Sozusagen subkutan
Der Regen an Auszeichnungen, der in diesem Jahr auf die arabischen Literaturschaffenden niedergeht, erklärt sich mit dem demokratischen Aufbruch in der arabischen Welt – neben dem Goethe-Preis für Adonis ist im September der Erich-Maria-Remarque-Friedenspreis in Osnabrück für Tahar Ben Jelloun zu verzeichnen, im Oktober der Friedenspreis des Deutschen Buchhandels für Boualem Sansal und im November der Hermann-Kesten Preis des PEN-Clubs für den ägyptischen Verleger Mohammed Hashim.
Fehlt nur noch der Literaturnobelpreis, und auch dafür ist Adonis ein heißer Kandidat. Als Dichter und Vorreiter der literarischen Moderne in der arabischen Welt hätte er ihn zweifellos verdient – ist aber das Jahr 2011 der beste Zeitpunkt dafür?
Adonis ist ein Ikonoklast und (literarischer) Revolutionär der alten Schule, und insofern hat Joachim Sartorius recht, wenn er in seiner Laudatio Adonis zugute hält, den arabischen Frühling "sozusagen subkutan" mit vorbereitet zu haben.
Zwischen der Verfallenheit an Gott und an die Technik
Adonis macht die Tradition, nicht zuletzt die religiöse, zum poetischen Spielmaterial für einen von Nietzsche und Heidegger inspirierten Aufbruchsgeist. Dieser klang auch in seiner Dankesrede in der Paulskirche an, als er beklagte, dass die arabische Mentalität zwischen der Verfallenheit an Gott und der Verfallenheit an die Technik gefangen sei.

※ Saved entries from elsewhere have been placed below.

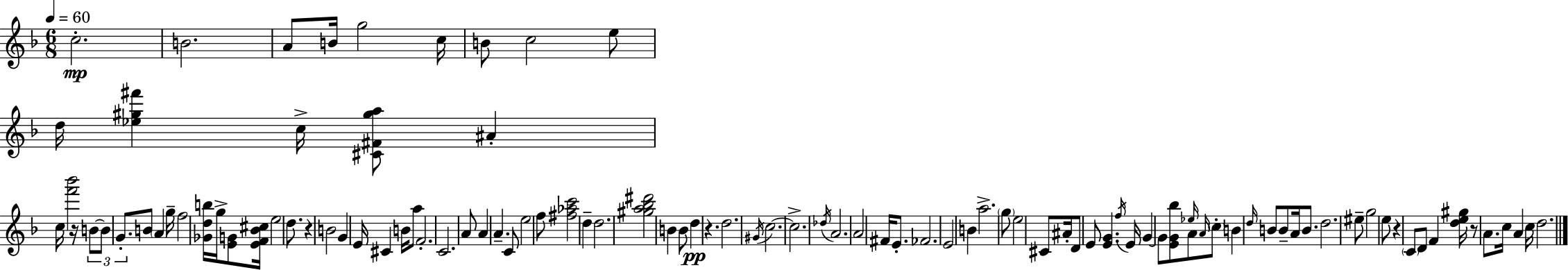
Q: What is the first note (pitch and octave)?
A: C5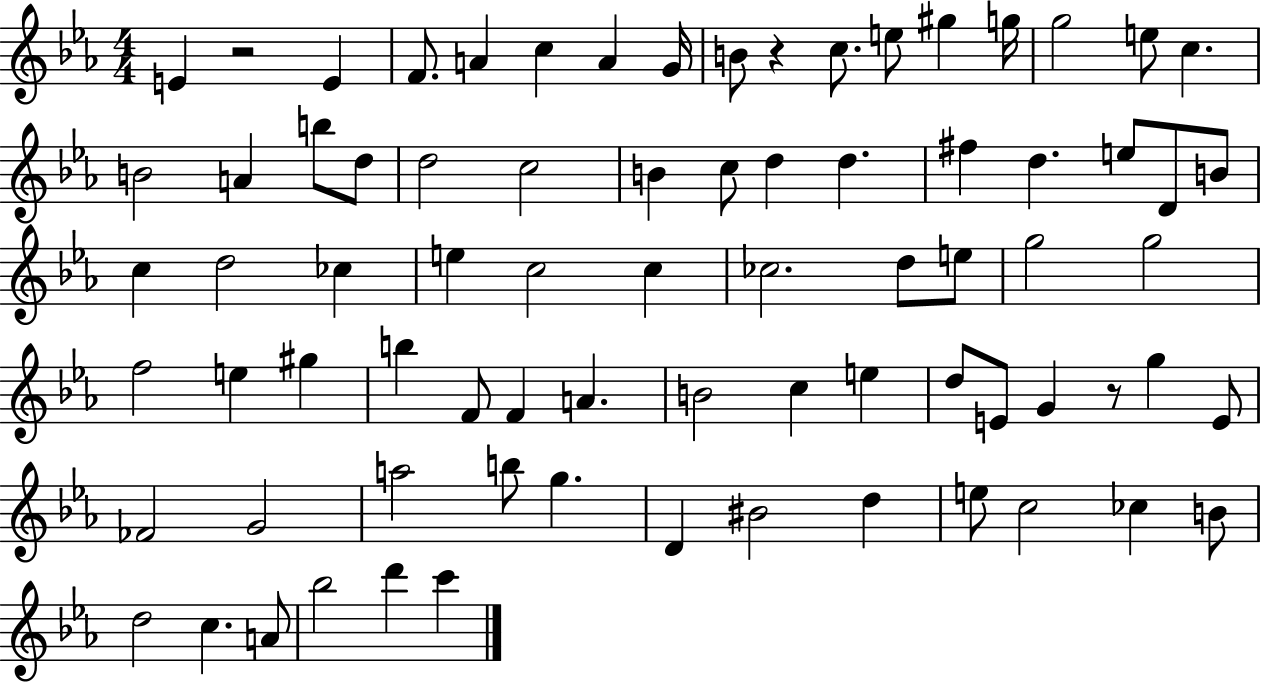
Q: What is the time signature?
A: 4/4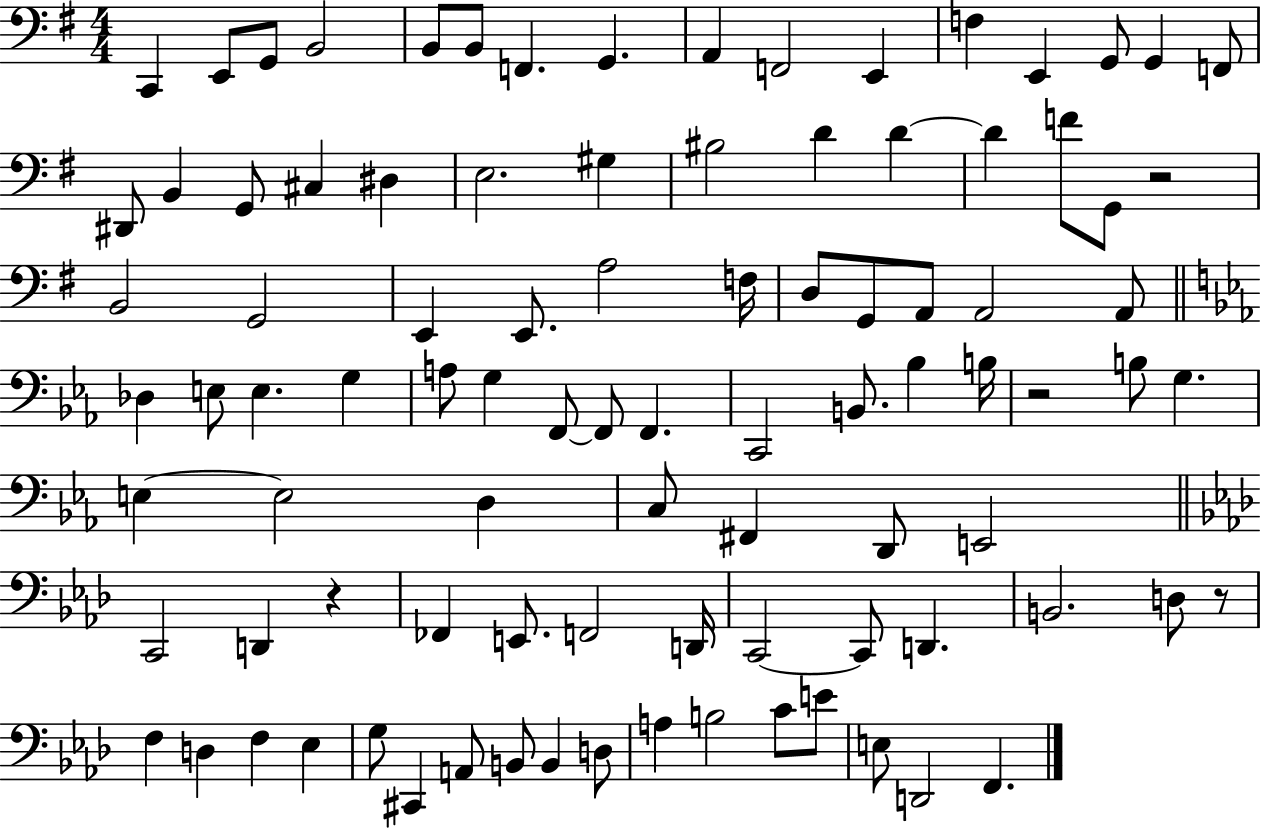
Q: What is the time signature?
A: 4/4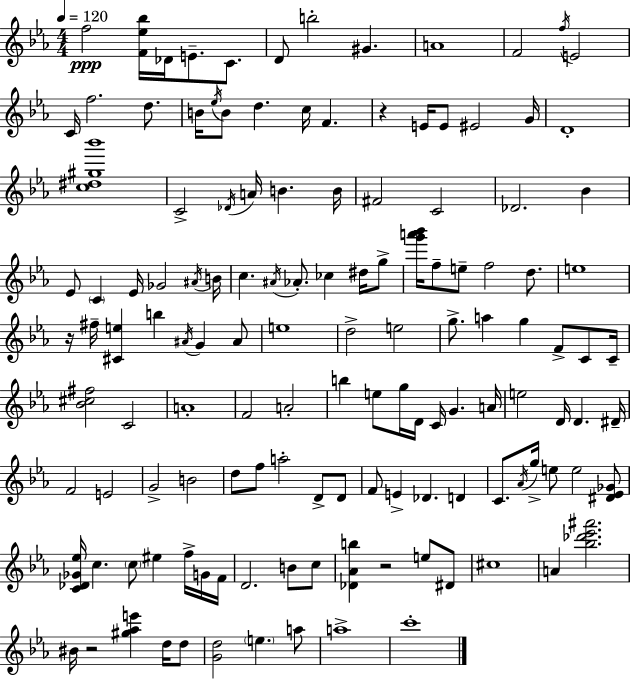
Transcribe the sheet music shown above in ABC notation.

X:1
T:Untitled
M:4/4
L:1/4
K:Eb
f2 [F_e_b]/4 _D/4 E/2 C/2 D/2 b2 ^G A4 F2 f/4 E2 C/4 f2 d/2 B/4 _e/4 B/2 d c/4 F z E/4 E/2 ^E2 G/4 D4 [c^d^g_b']4 C2 _D/4 A/4 B B/4 ^F2 C2 _D2 _B _E/2 C _E/4 _G2 ^A/4 B/4 c ^A/4 _A/2 _c ^d/4 g/2 [g'a'_b']/4 f/2 e/2 f2 d/2 e4 z/4 ^f/4 [^Ce] b ^A/4 G ^A/2 e4 d2 e2 g/2 a g F/2 C/2 C/4 [_B^c^f]2 C2 A4 F2 A2 b e/2 g/4 D/4 C/4 G A/4 e2 D/4 D ^D/4 F2 E2 G2 B2 d/2 f/2 a2 D/2 D/2 F/2 E _D D C/2 _A/4 g/4 e/2 e2 [^D_E_G]/2 [C_D_G_e]/4 c c/2 ^e f/4 G/4 F/4 D2 B/2 c/2 [_D_Ab] z2 e/2 ^D/2 ^c4 A [_b_d'_e'^a']2 ^B/4 z2 [^g_ae'] d/4 d/2 [Gd]2 e a/2 a4 c'4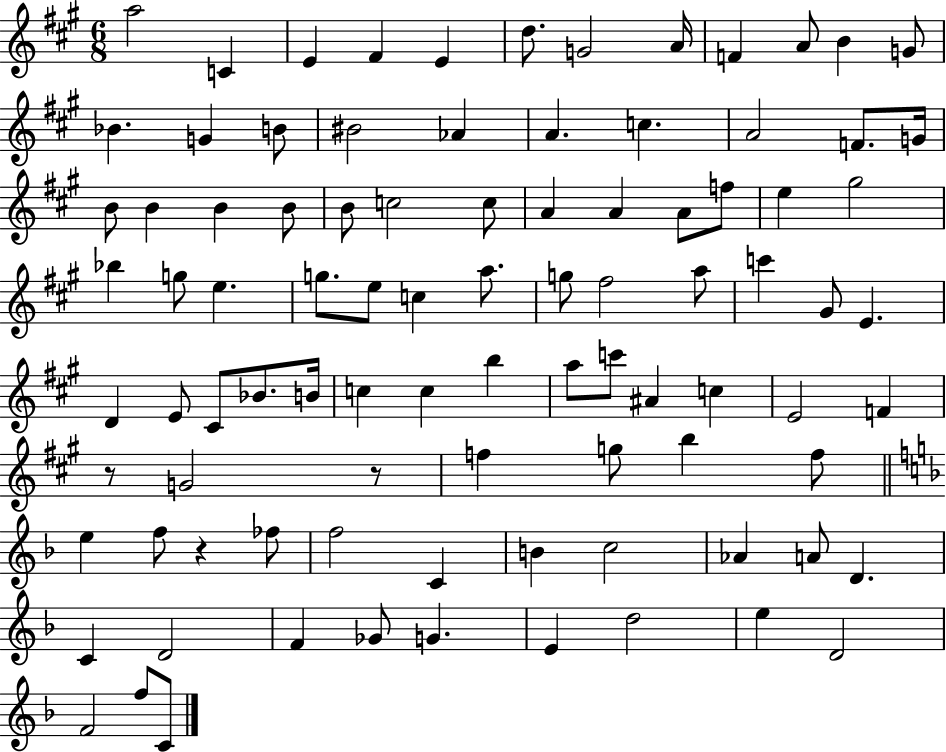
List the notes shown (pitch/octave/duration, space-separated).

A5/h C4/q E4/q F#4/q E4/q D5/e. G4/h A4/s F4/q A4/e B4/q G4/e Bb4/q. G4/q B4/e BIS4/h Ab4/q A4/q. C5/q. A4/h F4/e. G4/s B4/e B4/q B4/q B4/e B4/e C5/h C5/e A4/q A4/q A4/e F5/e E5/q G#5/h Bb5/q G5/e E5/q. G5/e. E5/e C5/q A5/e. G5/e F#5/h A5/e C6/q G#4/e E4/q. D4/q E4/e C#4/e Bb4/e. B4/s C5/q C5/q B5/q A5/e C6/e A#4/q C5/q E4/h F4/q R/e G4/h R/e F5/q G5/e B5/q F5/e E5/q F5/e R/q FES5/e F5/h C4/q B4/q C5/h Ab4/q A4/e D4/q. C4/q D4/h F4/q Gb4/e G4/q. E4/q D5/h E5/q D4/h F4/h F5/e C4/e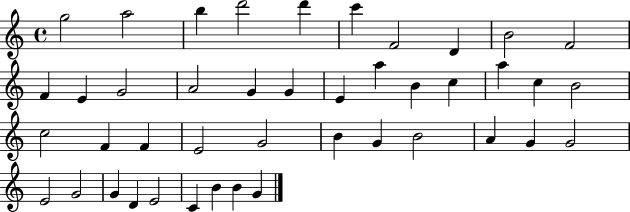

Eine Rettung aus dieser verheerenden Alternative sei nicht in Sicht – es sei denn, vielleicht, in Form der Poesie. Das wäre vor einem Jahr eine akzeptable Deutung der arabischen Verhältnisse gewesen. Mittlerweile wirkt sie ein wenig gestrig. Hat sich denn im Lauf dieses Jahres gar nichts geändert?
Liest man die Äußerungen von Adonis über die arabischen Revolutionen und besonders über die blutigen Ereignisse in seinem Heimatland Syrien, erscheinen diese seltsam unentschlossen. In einem ersten Artikel im Mai fordert Adonis als international bekanntester Intellektueller seines Landes das Regime zur Streichung des Paragrafen Acht der syrischen Verfassung auf, der die Vorherrschaft der pseudo-sozialistischen Baath-Partei festschreibt.
Er beklagt die Versehrungen, die diese Einparteienherrschaft mit sich gebracht hat, vor allem die brutale, ideologisch motivierte Unterdrückung der ethnischen und religiösen Vielfalt, die jetzt wieder aufbreche, freilich in Form einer blutenden, nie verheilten Wunde. Adonis nennt ausdrücklich die Städte Deraa und Banyas ("die Quellen zweier Tränenflüsse"), die damals im Zentrum der Auseinandersetzungen standen.
Ungereimtheiten und Widersprüche
Für große Irritation unter der syrischen Opposition sorgte indessen, dass Adonis in diesem und weiteren Artikeln an die Reformierbarkeit des Staates von oben, auf Initiative des (törichterweise von ihm als "gewählt" bezeichneten) Präsidenten Assad zu glauben scheint. Doch eine echte Reform und damit eine freie Wahl des Präsidenten liefe unweigerlich auf die Selbstabschaffung des Regimes hinaus.
Nach über 2000 getöteten Demonstranten kann niemand mehr ernsthaft glauben, dass es dazu kommt. Entsprechend widersprüchlich sind denn auch die Äußerungen von Adonis. Am 5. August sagte er in einem langen Interview mit der kuwaitischen Zeitung Al-Ray': "Ich glaube, der Präsident ist fähig zu Reformen". Aber im selben Absatz heißt es auch: "Das Mindeste, was der Präsident tun kann, ist zurückzutreten."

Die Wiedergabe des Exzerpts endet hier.